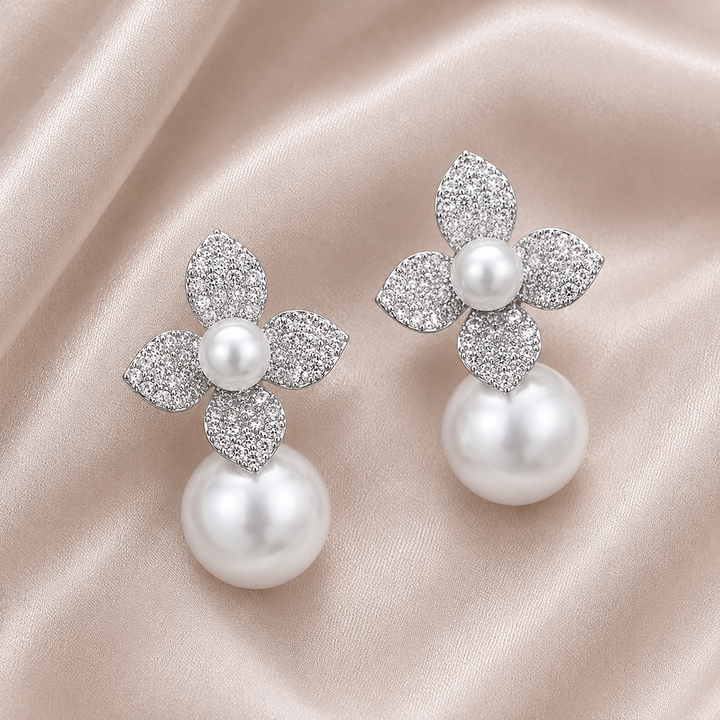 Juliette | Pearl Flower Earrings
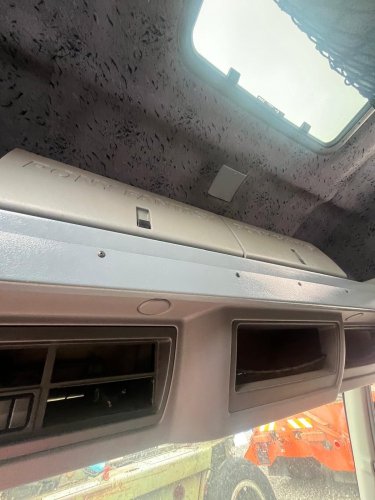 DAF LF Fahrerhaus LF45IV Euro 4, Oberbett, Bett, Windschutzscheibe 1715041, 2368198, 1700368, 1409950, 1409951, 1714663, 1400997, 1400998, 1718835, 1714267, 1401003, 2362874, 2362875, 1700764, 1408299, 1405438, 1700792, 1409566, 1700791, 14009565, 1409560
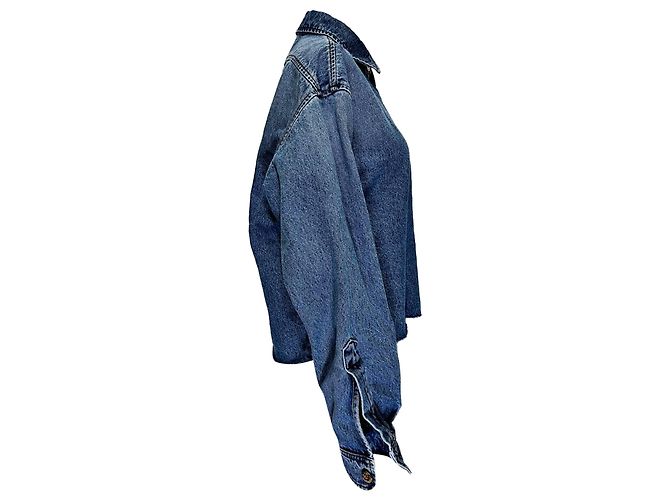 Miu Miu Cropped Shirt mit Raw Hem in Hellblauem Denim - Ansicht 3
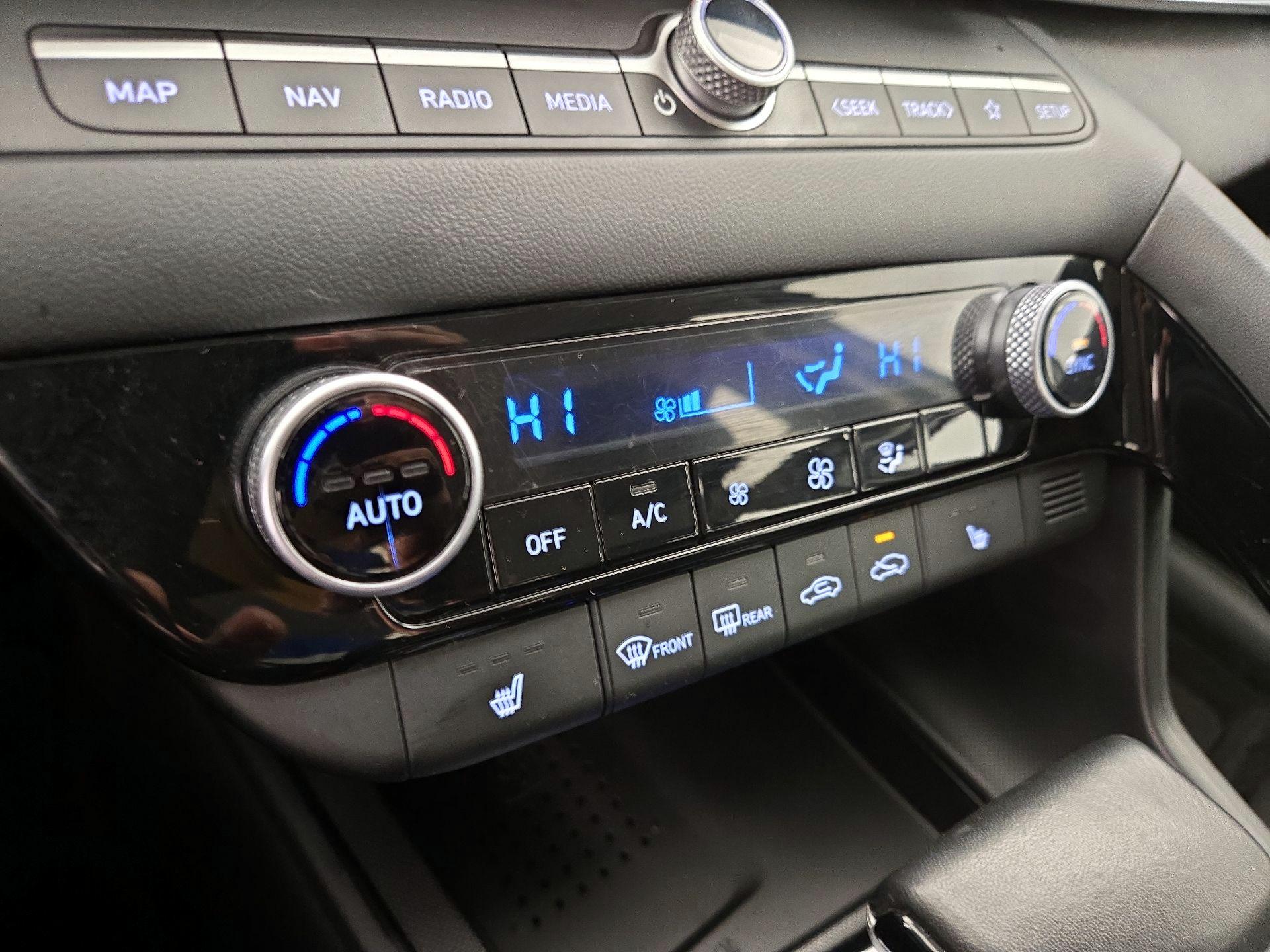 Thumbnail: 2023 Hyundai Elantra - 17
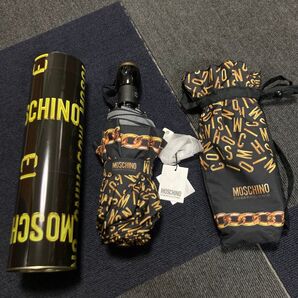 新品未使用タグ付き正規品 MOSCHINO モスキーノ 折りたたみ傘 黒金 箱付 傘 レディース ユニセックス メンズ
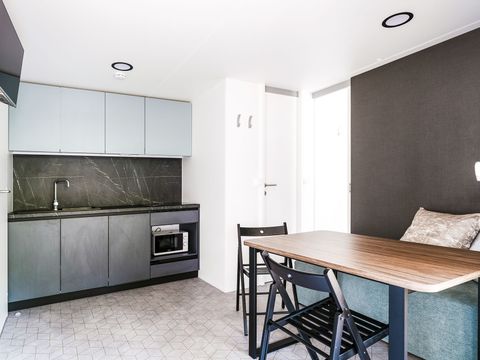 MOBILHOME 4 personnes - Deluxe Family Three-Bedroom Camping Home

++++++

### Task prompt
Would you print, exactly as they appear, the lines from the line with "Thumbnail: 2023 Hyundai Elantra - 17" through the end of the entries above, leaving out the pictures?

### Task answer
 Thumbnail: 2023 Hyundai Elantra - 17
 新品未使用タグ付き正規品 MOSCHINO モスキーノ 折りたたみ傘 黒金 箱付 傘 レディース ユニセックス メンズ
 MOBILHOME 4 personnes - Deluxe Family Three-Bedroom Camping Home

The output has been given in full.